§ TASK PROMPT: A word-for-word copy of the listing is required, and it must contain no pictures.

§ SOURCE DATA:
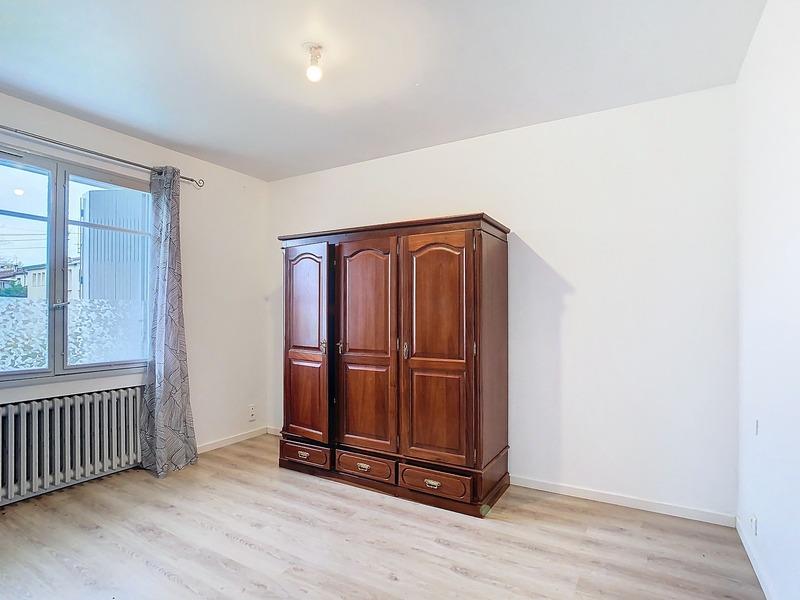 Pavillon - 155 m² - 7 pièces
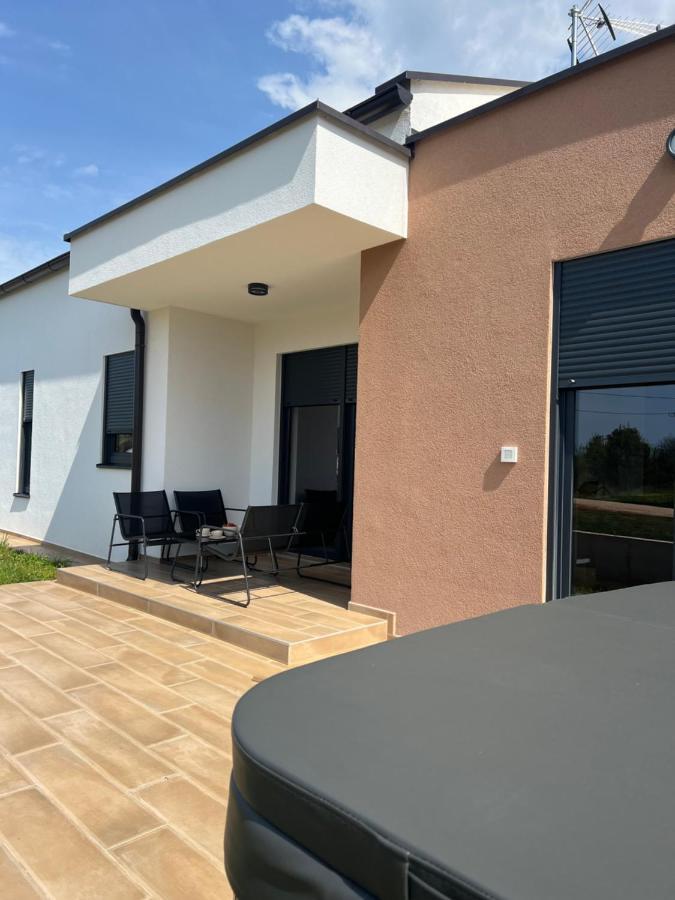 ברטוניגלה Modern Home Ula מראה חיצוני תמונה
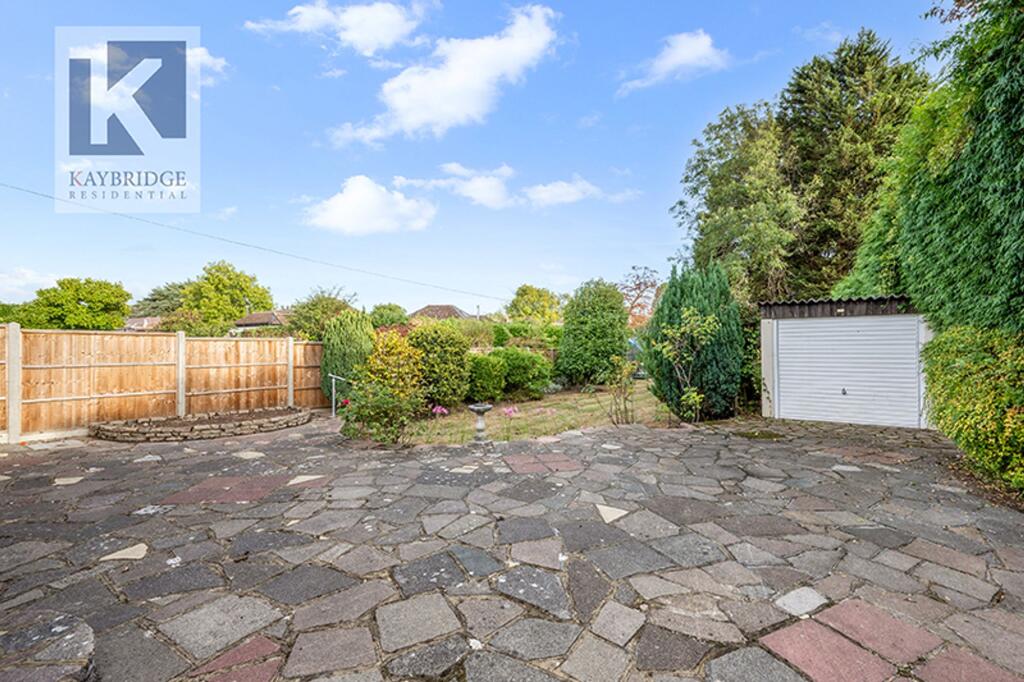House in Worcester Park, Cuddington, West Ewell - View 5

§ RESPONSE TO THIS EXERCISE:
 Pavillon - 155 m² - 7 pièces
 ברטוניגלה Modern Home Ula מראה חיצוני תמונה
House in Worcester Park, Cuddington, West Ewell - View 5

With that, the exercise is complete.